Because of this import-centered economy, the international community earned more profits from Haiti than Haitians, even the rich ones. It marketed expensive manufactured goods in Haiti, and added the lucrative processing to Haitian coffee and other export crops.

The Haitian power elite retreated to the periphery of the economy and jockied for governmental power in order to expropriate whatever profits they could from the mechanisms of the state (taxation, import/export levies) and the graft that came with government offices, especially the presidency.

A new phase came to Haiti with the American occupation (1915-1934). The occupation was the culmination of foreign capital's penetration of Haiti. The Americans forced the Haitians to give up their 1804 insistence that only Haitians could own land. This allowed American interests to purchase land and more fully control Haiti. The occupation also marked the end of any significant international competition to the United States.

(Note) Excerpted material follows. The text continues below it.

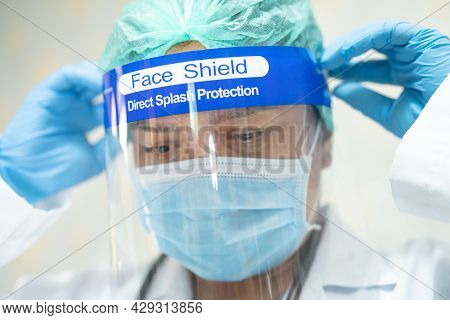Asian Doctor Wearing Face Shield And Ppe Suit New Normal To Check Patient Protect Safety Infection C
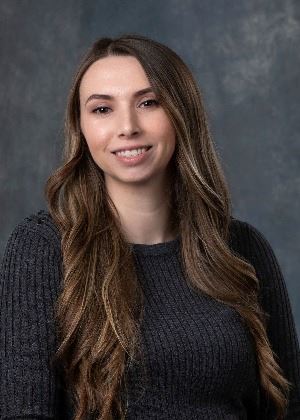 headshot of a female with long brunette hair and dark sweater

The Americans effectively drove all other countries out of Haiti.

Perhaps the most startling claim in Dupuy's analysis of the 20th century is the ironic thesis that the American occupation set the conditions for the origins of Duvalierism and hammered the final nails in Haiti's casket of underdevelopment. The Americans decided to build up the middle class to break the stronghold on the country which the Haitian elite held, especially the mulattos. This itself was ironic since the Haitians already existed on the periphery of their own economy, and the Americans were working hard to insure deeper American penetration. Haiti was a market for American goods, and a cheap source of food stuffs.

The Americans did succeed in building a middle class of professionals--doctors, lawyers, teachers, and government bureaucrats. However, this rising class, which was almost entirely black, had a long hard struggle to carve out a place in Haitian economy. The ideology which it developed was a noirist one--a celebration of things black and African-- to offset the power sources which blocked them in--the white Americans and the dominant Haitian mulatto elite. (Note how well Dupuy's analysis dove-tails with Nicholls'!)

The ultimate outcome of this movement was the presidency and 29 year dictatorship of the Duvalier family. What Francois, Papa Doc, Duvalier brought to Haiti, on Dupuy's view, was not a change in the structure of Haiti's economy, nor even a change in the violence of government, but a shake-up of who controlled the government. Duvalier, for the first time in Haitian history, elevated to power a black non-elite middle class. He built up the fragile roots of existing black ascendancy--the rural Voodoo priests, rural sheriffs and justices of the peace, and junior black military officers. The external violence of his struggle, probably the most blatant use of force in Haitian history, did change the power relations and who controlled the government and the right to expropriate wealth. But, it also further devastated the economy, destroying tourism, driving out foreign investors and disrupting rural production.

One of the strongest features of both books is that each author presents his own case with clear crisp arguments, but names and identifies the sources of opposing views. I came away from these books not necessarily convinced by either author's view, but enriched in my understanding of the possibilities and armed with dozens of sources which are now on my MUST READ list.

It is a sad fact that many excellent books on Haiti don't stay in print very long. Both Nicholls and Dupuy's fine books are still available. [the above claim was in 1988 or 1989. I doubt this is true today.] For any serious student of Haiti these works are excellent investments in your growth in understanding the complexity of Haiti's current reality through a deeper grasp of her tortured history.